Con una cita de dibujos animados al comienzo parece que Pàmies va en broma, pero no, todo lo contrario. Va en serio y yo diría que muy en serio (vamos, como la vida misma), aportando grandes dotes de observador y de agudeza, así como de ironía y conciencia social.
Previamente a estos cuentos ya conocía su faceta (una entre otras) de columnista en el diario El país donde hace 2 ó 3 veranos nos entretenía consiguiendo imitar el estilo del resto de los columnistas del periódico escribiendo tal y como lo haría Eduardo Mendoza, Rosa Montero, Manuel Vicent, etcétera. Aquel experimento me pareció divertido, atrevido y muy jugoso, así que el pasado verano volví a seguirle la pista con una nueva columna donde cada día escribía sobre un cóctel. Aunque al final daba la receta no hice ninguno, porque lo interesante era que el cóctel fuese un pretexto para hablar de otra cosa, y aquí radicaba nuevamente la originalidad.
Esta digresión sobre su faceta de columnista viene a colación para mostrar que este escritor es un verdadero “todo terrero” ya que cuando se enfrenta al cuento sabe destilar, afinar a modo de francotirador, como en el cuento El pozo, un reflejo del ansia humana de la búsqueda de la felicidad, conciso y con carga de profundidad.
El hilo conductor de casi todo el libro son las situaciones de la vida cotidiana que van derivando hacia lo recóndito, al límite, pero aún así resaltando la belleza en la forma en que se encuentran resueltas.
En La otra vida su comienzo es como un latigazo “me tuve que morir para saber si me querían”. En Nuestra guerra, da una visión acerca del conflicto bélico, de cualquier conflicto que es un fiel reflejo de cómo esa situación degrada al hombre hasta extremos inefables. Después de leer Como dos gotas de agua probablemente cuando a media noche vayamos de incursión a la cocina a beber un vaso de agua del grifo y observemos las gotas del mismo mantendremos otra relación con ese líquido que se desliza y desvanece por el fregadero. Esas dotes de buen observador que anteriormente cité se ven aquí realmente plasmadas.
La actualidad queda reflejada, según el correr de los tiempos donde lo normal o habitual se vuelve excepción y lo excepcional es la norma, en un cuento de gran radiografía social como es Sangre de nuestra sangre.

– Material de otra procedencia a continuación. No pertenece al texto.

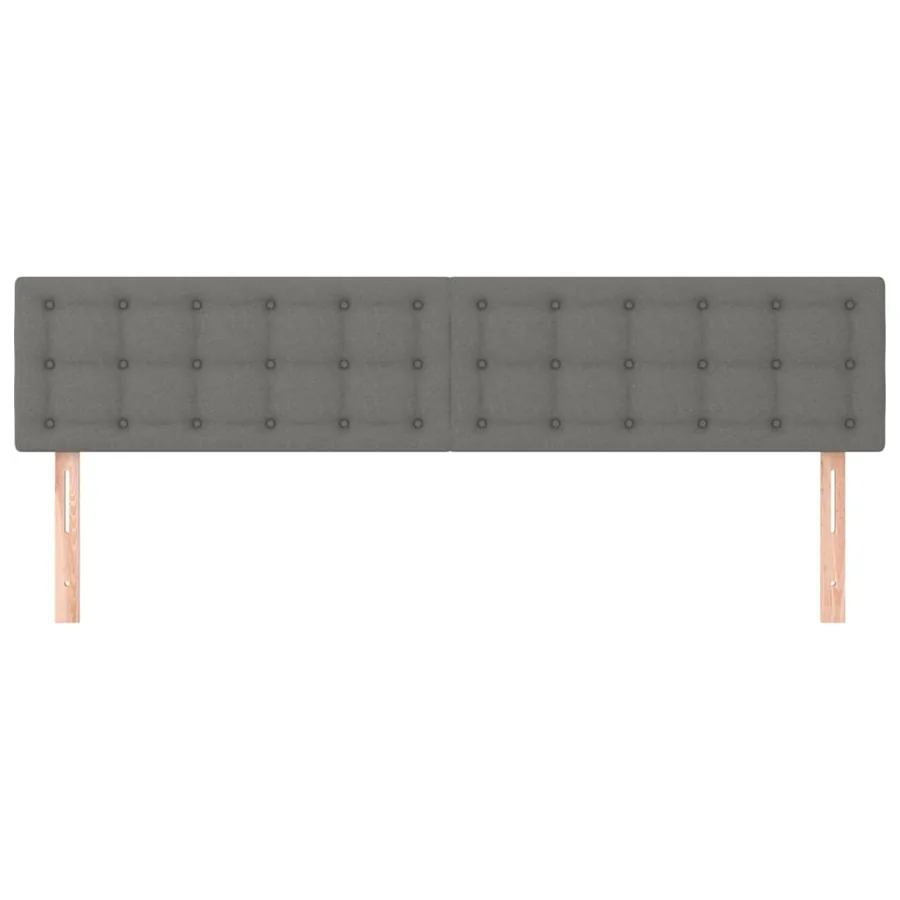Têtes de lit Gris foncé 200x5x78/88 cm Tissu - 3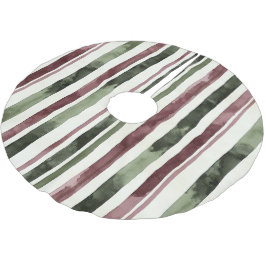 Groene Bourgogne Stripes Kerstmis Kerstboom Rok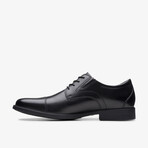 Whiddon Cap // Cap-Toe Oxford // Black Leather (US: 7)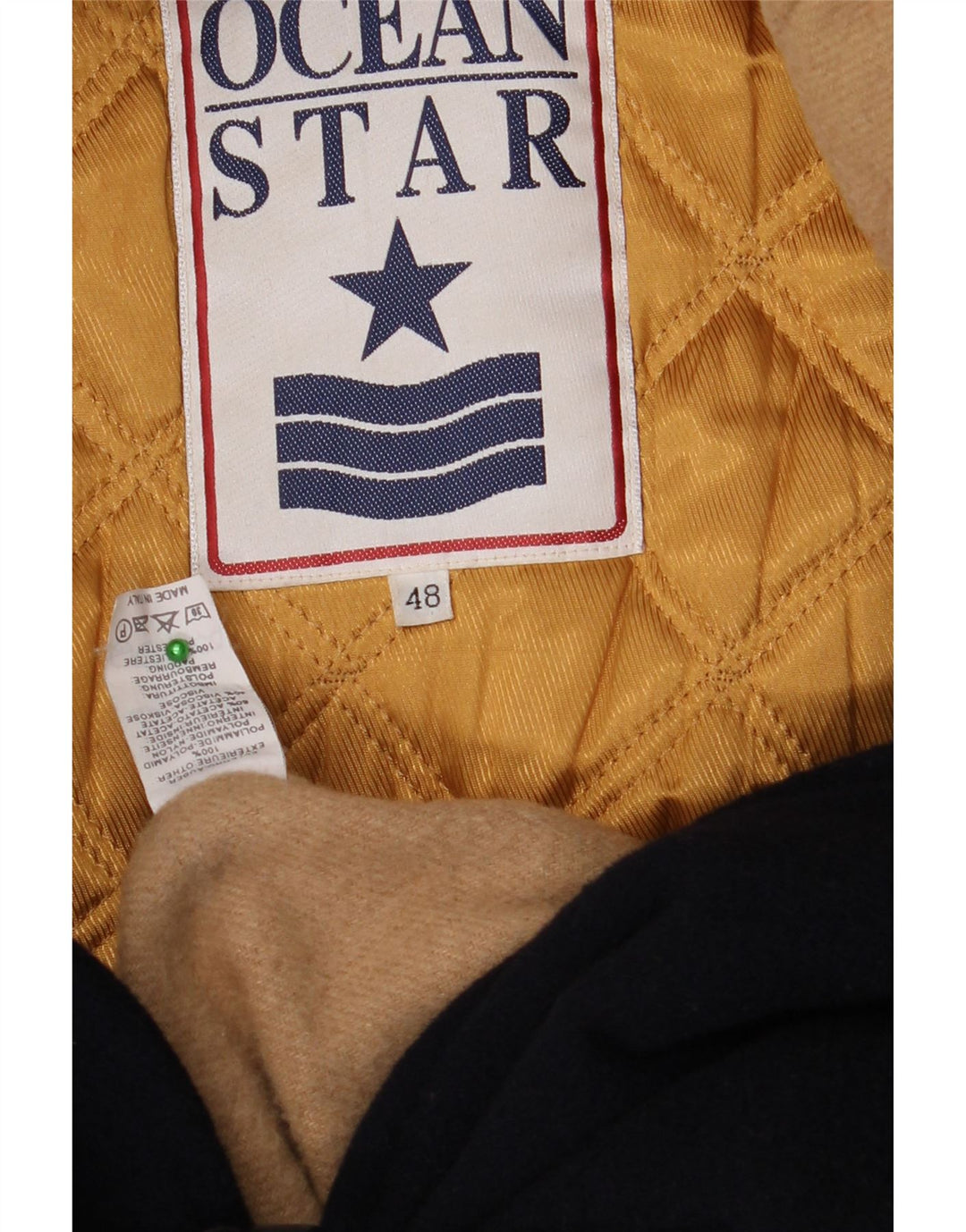 Ocean Star Herren-Dufflecoat mit Kapuze IT 48 Medium Navy Blue Polyamid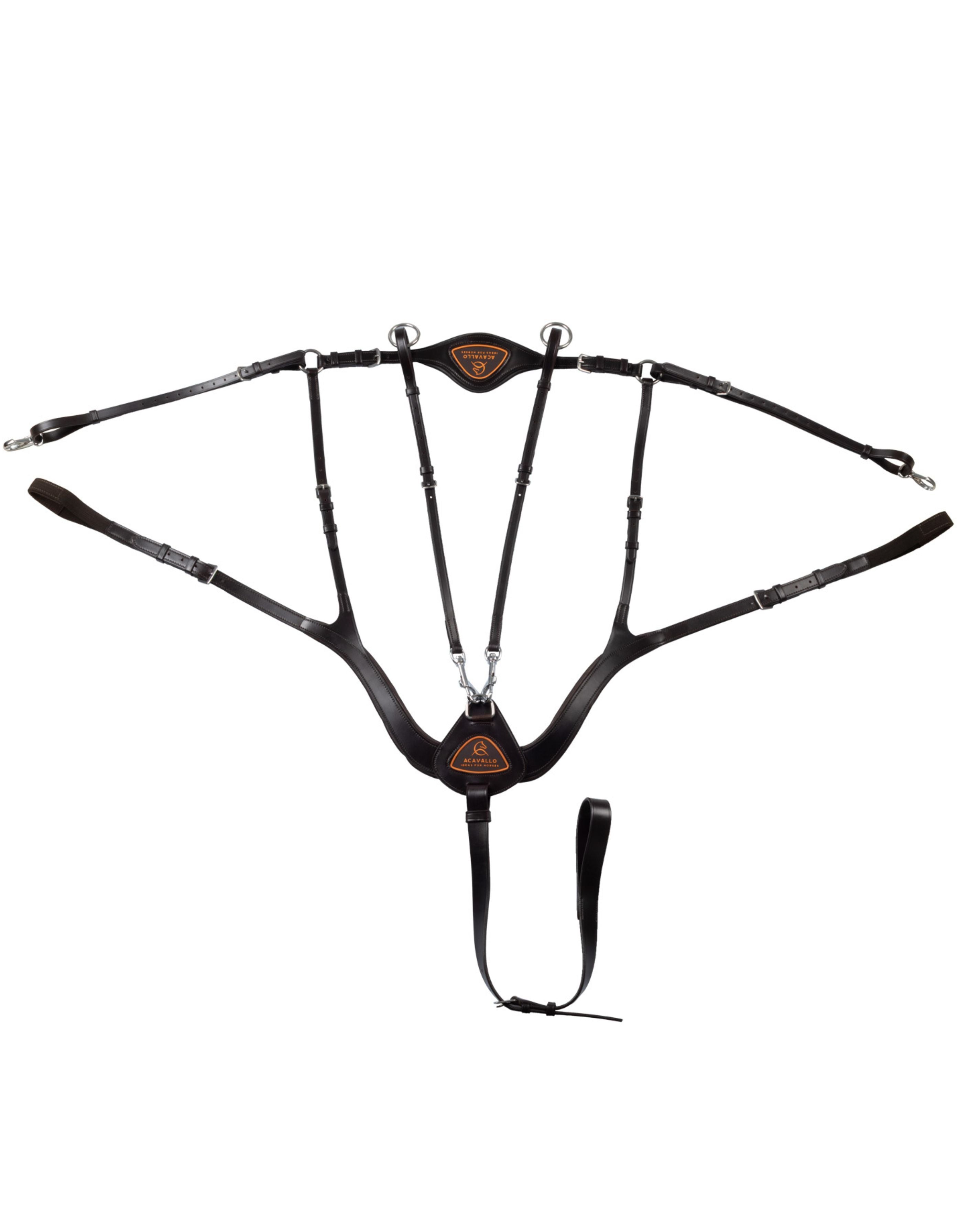Acavallo Anatomical 5-Point Breastplate Dark Brown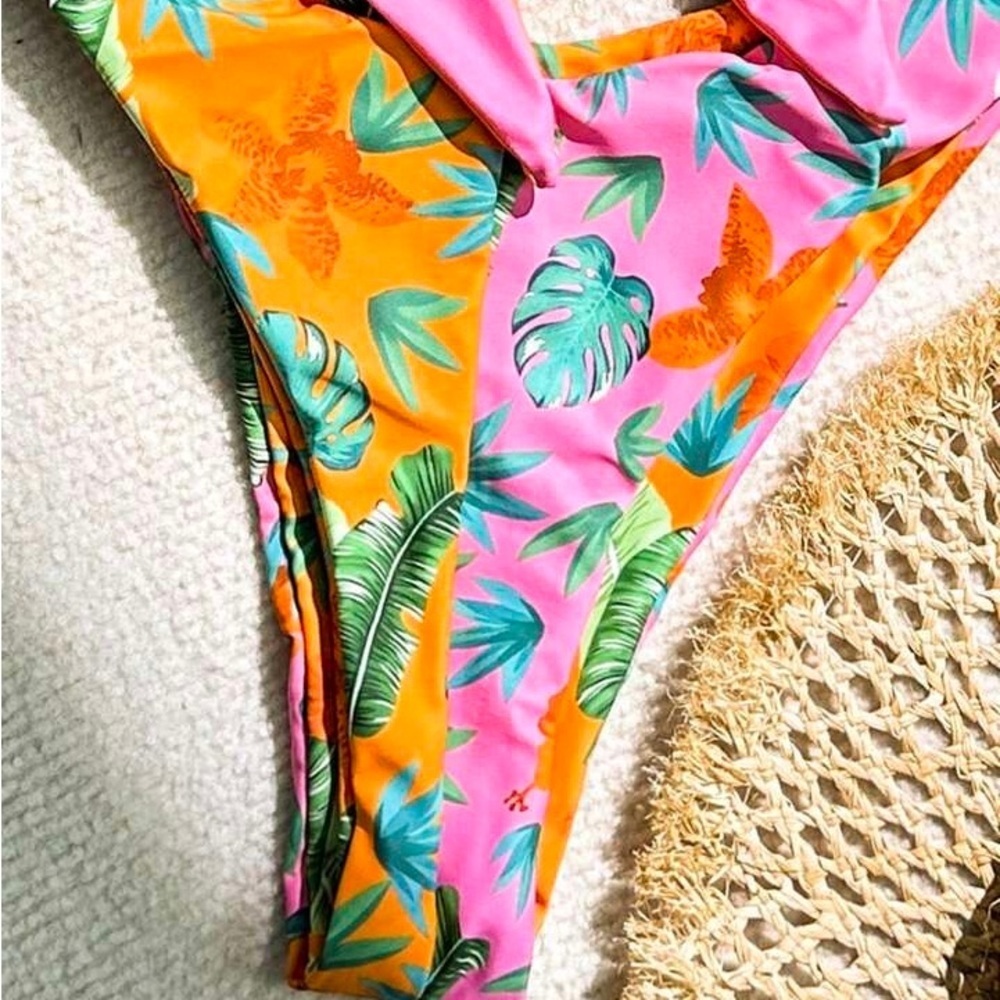 Swimsuit Set tropical print flower different Size available - Picture 7 of 7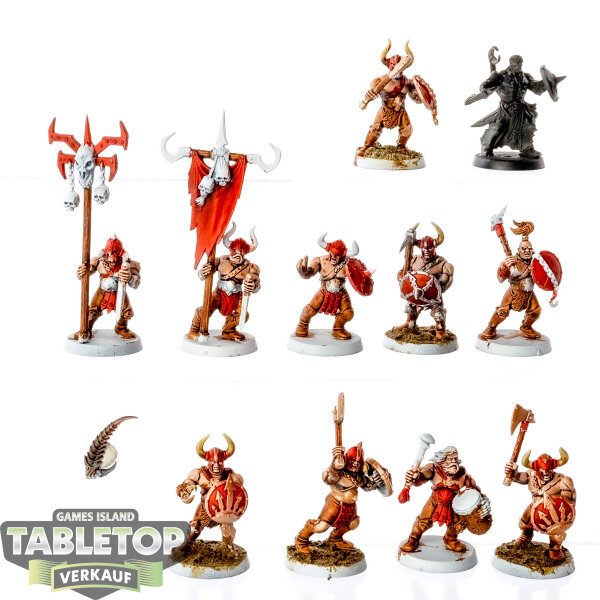 Blades of Khorne - 11x Bloodreavers - teilweise bemalt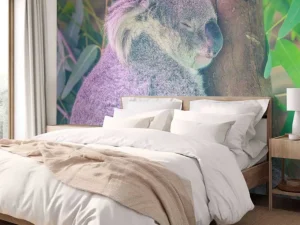 Outlet Koala aan het slapen fotobehang Kinderkamer | Dieren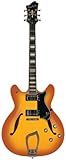 hagstrom viking ii 1 Stück Hagstrom Viking Deluxe Amber Burst E-Gitarre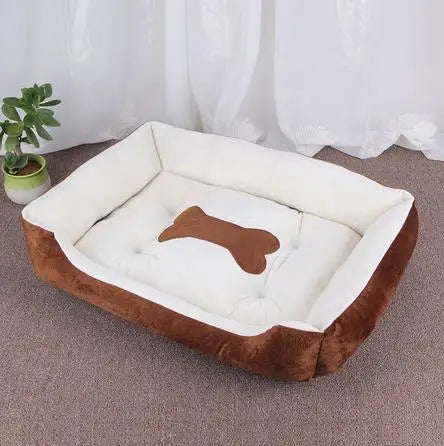 CAMINHAS-Cama para cachorro de estimação, almofada para filhotes, canil para filhotes de gatos, tamanho grande, ninho macio, cestas para cães pequenos e grandes, sofá macio, almofada para animais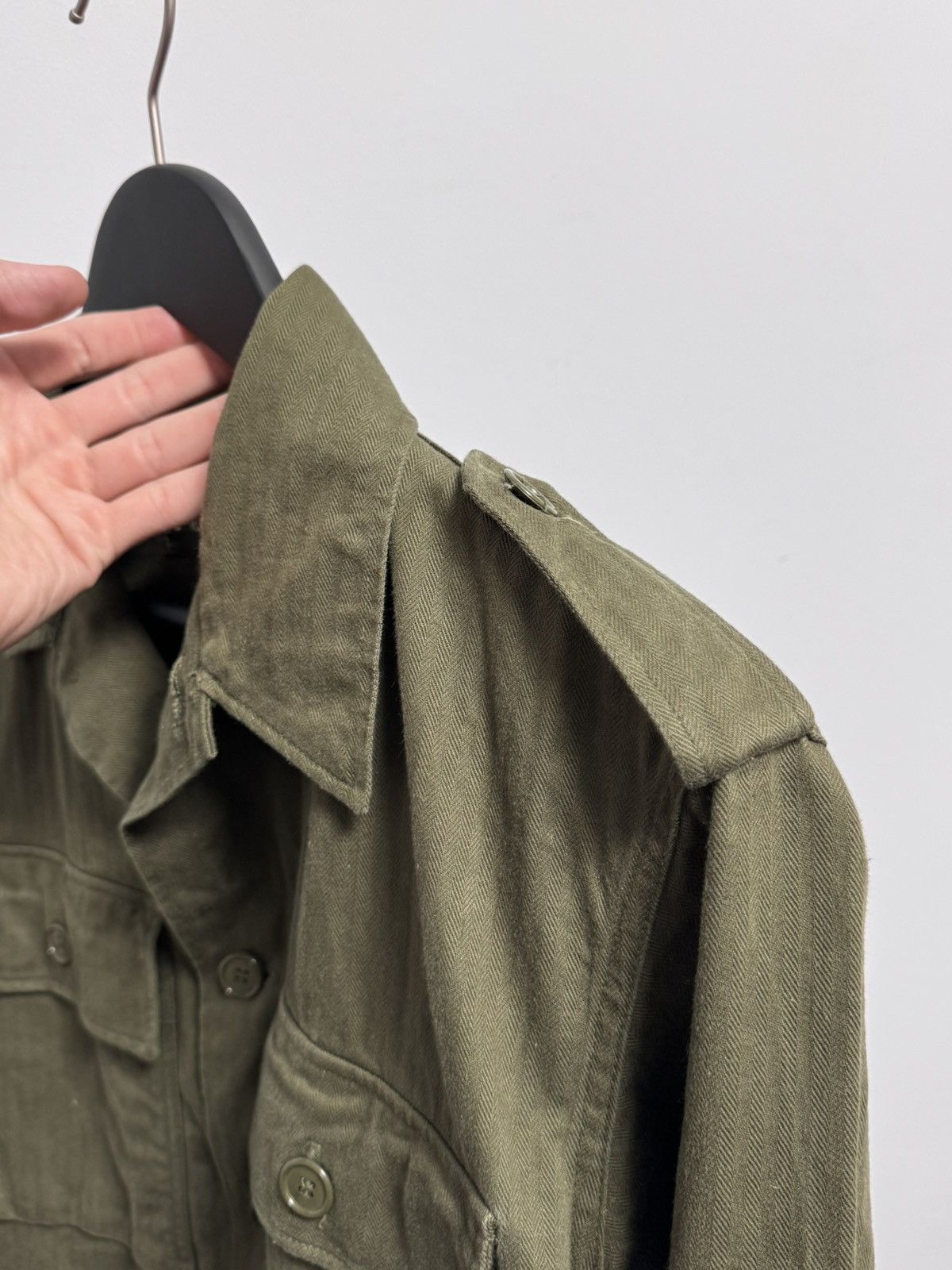 Vintage VINTAGE MILITARY HBT PVBA MONETEX LENDELEDE 96-100 Size US XL / EU 56 / 4 - 9 Thumbnail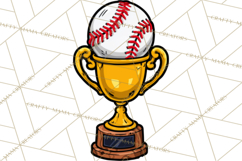 Baseball Mom Clipart PNG with Baseball Gear, Baseball Mama Product Image 2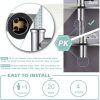 10 Stainless Steel Brushed Nickel Single Handle Single Hole Faucet for Farmhouse rv Utility bar Laundry Sinks 5
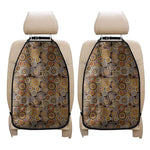 Aboriginal Art Dot Pattern Print Car Seat Organizers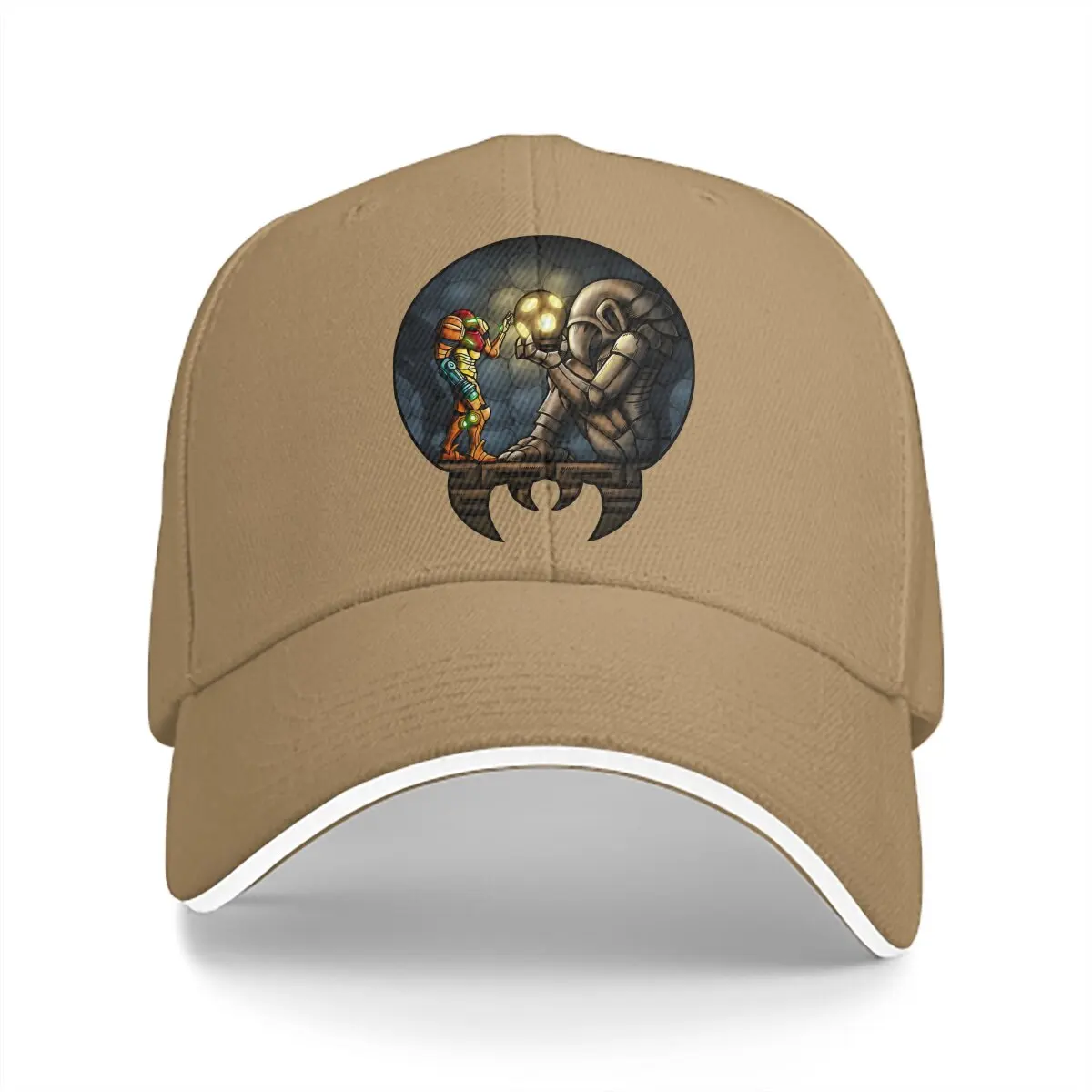 Summer Cap Sun Visor The First Chozo Hip Hop Caps Super Metroid Game Cowboy Hat Peaked Hats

Podría ir desgranando cuento a cuento como gajos de un limón, pero mi pretensión es hacer sugerente el libro para atraer al potencial lector, dada la variedad de temas: Brindis, donde se yuxtapone el ámbito de la edición literaria con la seducción, o Precisamente hablábamos de ti, donde una ruptura afectiva es abordada con tanta verosimilitud que más bien podría ser una auténtica trascripción del suceso de una conocido.
Al finalizar la lectura del libro uno se queda como si necesitara otra buena dosis de esta poética limonera, como diría Vila-Matas; y entonces se deja reposar la lectura para releerlo nuevamente en posición decúbito supino, al revés, o sino en la cocina mientras aguarda a que se deslice la gota de agua y piensa si podría comerse todo un limón.